Corporate Governance Reform
In the wake of a tumultuous 2016 (with events such as Brexit, Donald Trump’s election as the President of the United States and the BHS department store scandal causing waves internationally), we begin 2017 in an entirely different business climate. The goalposts have shifted; technology is advancing; we are to be recognised and treated fairly within business under the Equality Act 2010; the trade deal with the European Union remains uncertain and it feels as though there is a need for the UK to stay relevant in its ever-changing surroundings. Coupled with this are the social anxieties and levels of inequality believed to exist between consumers, ordinary workers and the “privileged few”.
In an attempt to reconcile feelings of disparity and uncertainty, Theresa May has launched a green paper under the Department for Business, Energy and Industrial Strategy aimed at “building an economy that works for everyone” and maintaining public trust in UK business. The green paper is to instigate a discussion on the reform of the corporate governance framework. However, what does this mean exactly and how is it expected to change legislation for British business? Corporate Governance regulates large companies to ensure it has the right checks and balances in place to strengthen decision-making and accountability. The UK currently has a corporate governance framework, formally known as the UK Corporate Governance Code, which sets out the standards of good practice in relation to board leadership, executives, remuneration and relationships with shareholders and stakeholders. Despite this regulation, it is noted by the Government that, in recent years, the behaviour of some large companies has resulted in the damaged reputation of many. With this in mind, May has set out a green paper, a consultation document enabling feedback on legislative proposals, to reform the current corporate governance framework.
The green paper focuses on the reform of three main areas of corporate governance: executive pay; the voice of the employee, consumer and shareholder, and maintaining the right conditions for investment. Executive pay is considered first within the proposals and is perhaps one of the more unsettling areas for businesses. It is established that there is a disconnect between the pay of ordinary working people and the pay of executives, and that shareholders have often questioned whether executive pay matches the longer-term value of the companies under their management. Executive pay reforms in 2013 gave shareholders a much stronger voice in relation to executive pay, however, executive pay has increased significantly – in fact, quadrupled, over the last 18 years largely down to pay incentives and annual bonuses. Therefore, the options set out by the Government in this green paper include: making some elements of executive pay subject to a binding vote; setting an upper pay threshold; strengthening the use of votes by shareholders and introducing more frequent binding votes through AGMs; and strengthening the corporate governance code to specify how companies are to engage with shareholders on pay. With this, the voice of those outside of the executive is considered. It is proposed that they are to be encouraged to utilise their voting rights further, and there is to be a pay ratio or disclosure of annual bonus targets to shareholders. In addition to this, it is proposed that some features of the corporate governance framework be reformed to consider extending standards to privately held companies to set the right foundation for the UK to undertake business.
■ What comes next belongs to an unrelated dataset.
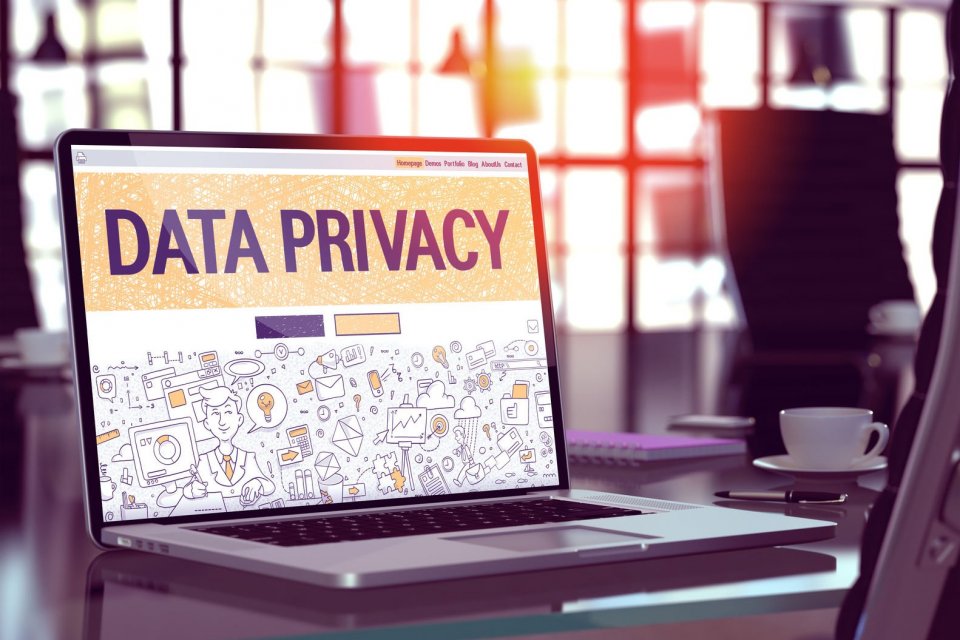 perlindungan data pribadi, poin-poin RUU Perlindungan Data Pribadi, denda penyalahgunaan data pribadi, jenis-jenis data pribadi,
It is clear that these proposals consist of more than a mere ‘touch-up’ to the current code of practice in relation to corporate governance. Instead, they denote an important Government message of the strength of UK business - significant, as it prepares to enter negotiations on trade with other countries. Furthermore, the green paper strengthens the message around transparency within business and the balance of interests between companies, employees and stakeholders, acknowledging that large companies operate differently. It might, then, be acceptable to surmise that such reforms can only lead to increased bureaucracy, extensive reporting and tighter regulation; perhaps making the operation of day to day business more difficult. Greg Clark, the Government business minister, disputes such a synopsis and has instead stated that the Government intends to use non-legislative standards rather than impose further regulation. He is also reported to have stated that the Government does not wish to “overturn” Britain’s successful system of having unitary boards, and these reforms merely insist that ordinary working people “deserve to have confidence that businesses act responsibly and fairly”.
The consultation closes on 17 February 2017 and, although the outcome is yet to be seen, UK businesses can certainly take the message that May will not tolerate hidden, careless and unlawful business in the UK if it is to stand alone in business arrangements going forward – whether enacted in legislation or not.